Could you return the listing below exactly, with every line intact?

● SUPPLIED MATERIAL:
# # #

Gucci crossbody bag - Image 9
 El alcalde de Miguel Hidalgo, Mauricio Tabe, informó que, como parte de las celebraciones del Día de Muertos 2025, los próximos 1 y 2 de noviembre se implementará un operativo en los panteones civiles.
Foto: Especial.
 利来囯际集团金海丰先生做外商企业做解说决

# # #

● RESPONSE TO THIS TASK:
Gucci crossbody bag - Image 9
 El alcalde de Miguel Hidalgo, Mauricio Tabe, informó que, como parte de las celebraciones del Día de Muertos 2025, los próximos 1 y 2 de noviembre se implementará un operativo en los panteones civiles.
Foto: Especial.
 利来囯际集团金海丰先生做外商企业做解说决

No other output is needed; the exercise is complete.